■ **Input records**:
== Segment start ==

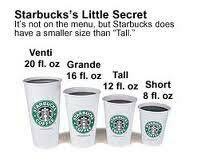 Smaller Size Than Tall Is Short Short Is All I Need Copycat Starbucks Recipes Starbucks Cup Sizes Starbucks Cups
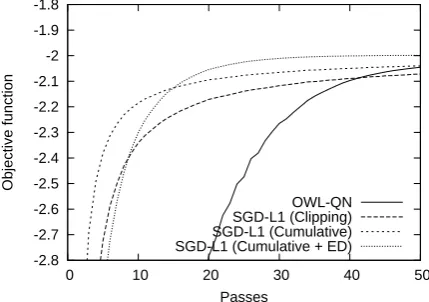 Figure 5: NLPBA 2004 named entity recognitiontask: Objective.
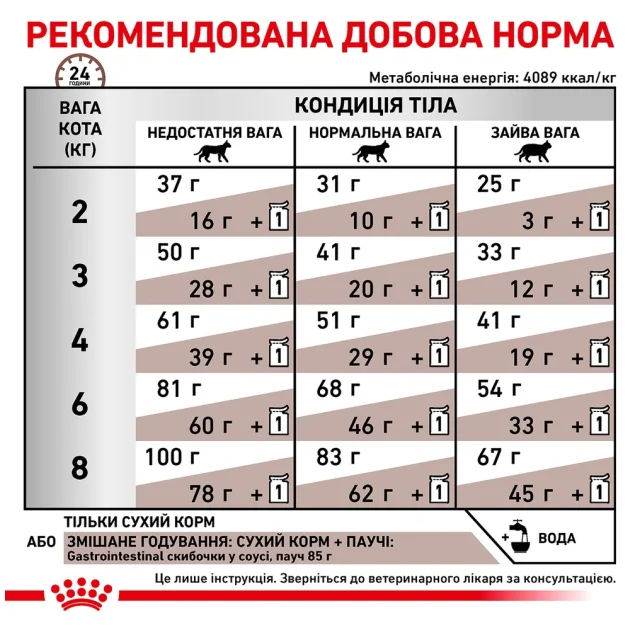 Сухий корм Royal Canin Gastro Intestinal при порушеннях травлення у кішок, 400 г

== Segment end ==
== Segment start ==

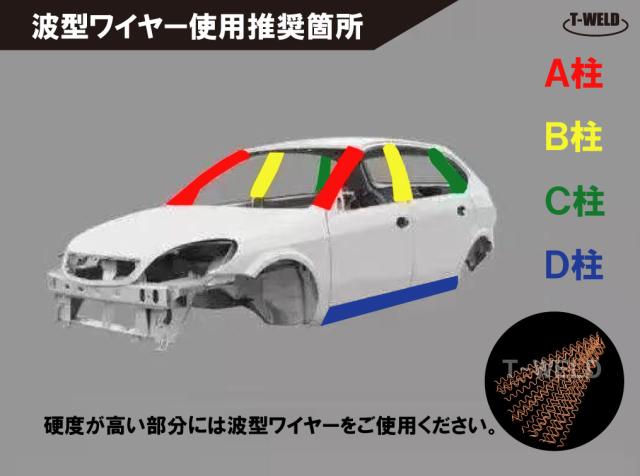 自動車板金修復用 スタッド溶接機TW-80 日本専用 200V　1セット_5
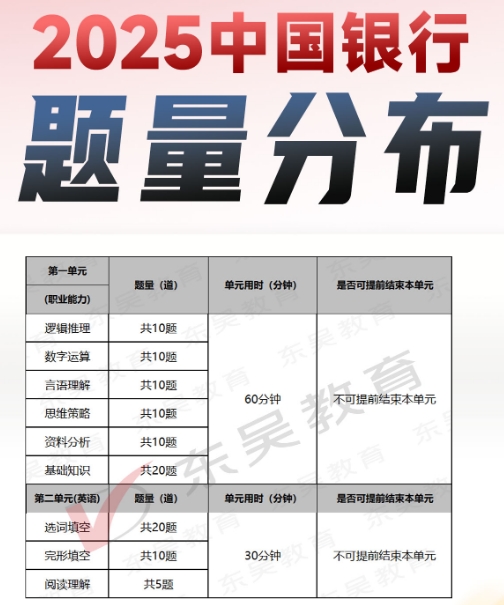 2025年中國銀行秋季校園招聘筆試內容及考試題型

== Segment end ==

■ **Task to carry out**:
From the records above, write out exactly the lines that begin at the line with "自動車板金修復用 スタッド溶接機TW-80 日本専用 200V　1セット_5" and end at the line with "2025年中國銀行秋季校園招聘筆試內容及考試題型". Pictures must not appear in the output.

■ **Problem solution**:
 自動車板金修復用 スタッド溶接機TW-80 日本専用 200V　1セット_5
 2025年中國銀行秋季校園招聘筆試內容及考試題型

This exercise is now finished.